[WHAT YOU WILL DO]
Copy exactly the lines of the data below, beginning with the line with "Зона комфорта. Уютные" and ending with the line with "Chevrolet Korea Trailblazer 2021 — photo 18". Pictures are to be omitted.

[PROVIDED DATA]
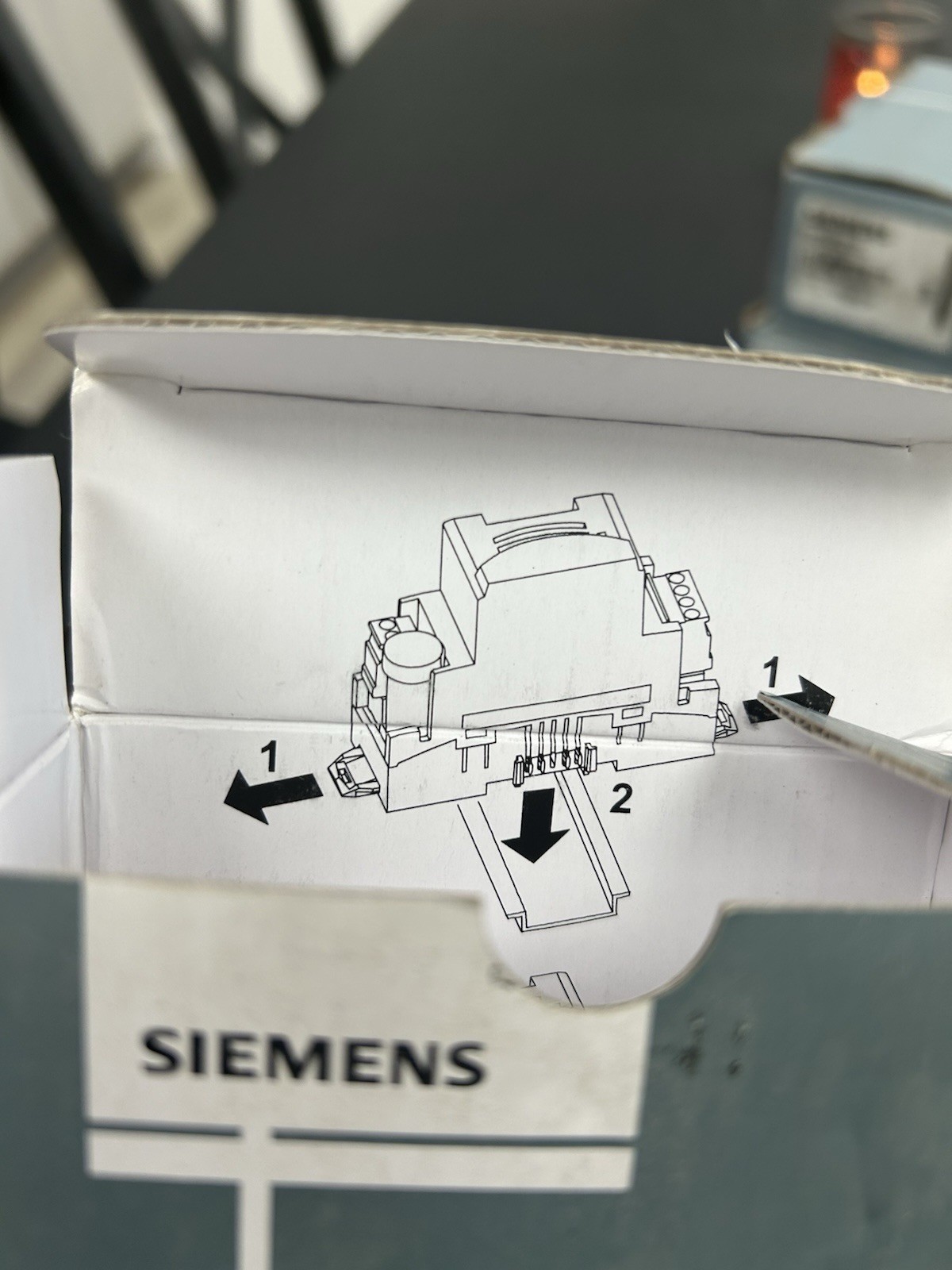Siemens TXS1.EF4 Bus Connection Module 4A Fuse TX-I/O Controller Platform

* * *

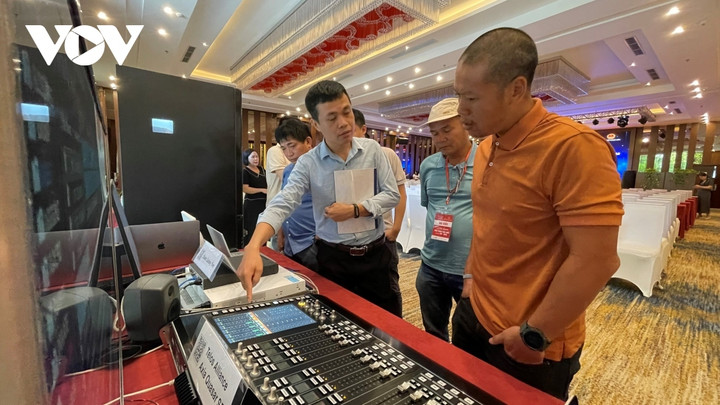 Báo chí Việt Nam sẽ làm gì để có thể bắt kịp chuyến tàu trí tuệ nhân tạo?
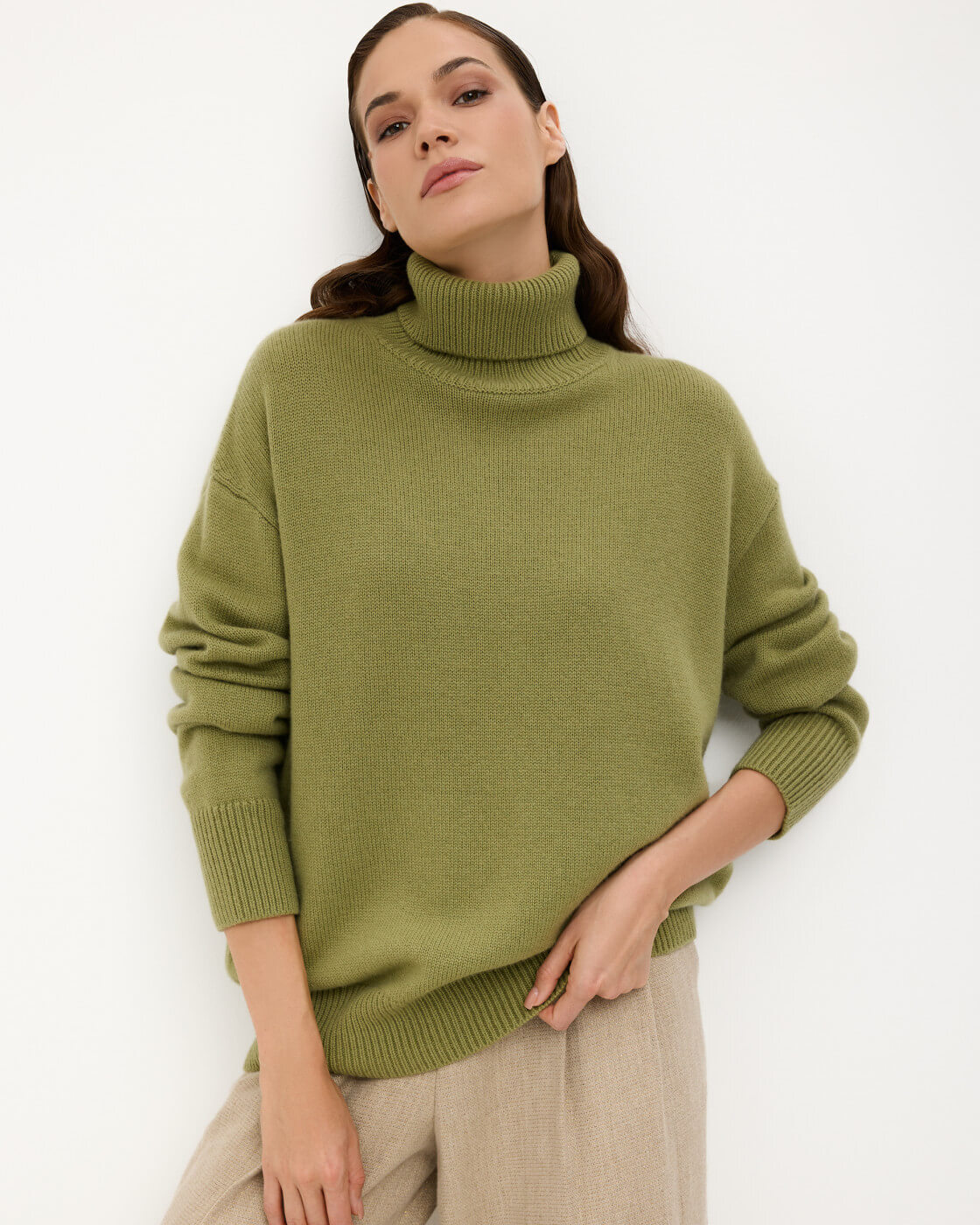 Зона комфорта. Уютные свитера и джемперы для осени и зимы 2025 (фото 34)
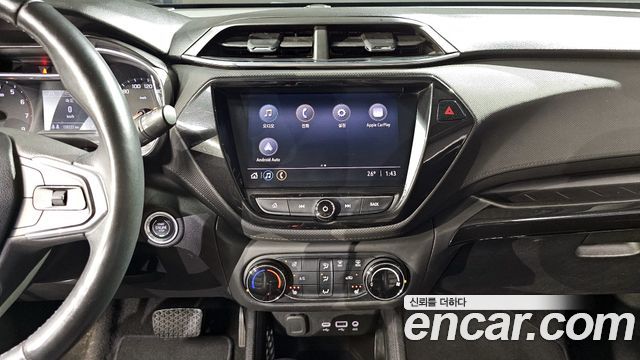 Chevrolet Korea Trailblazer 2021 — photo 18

[REPLY]
 Зона комфорта. Уютные свитера и джемперы для осени и зимы 2025 (фото 34)
 Chevrolet Korea Trailblazer 2021 — photo 18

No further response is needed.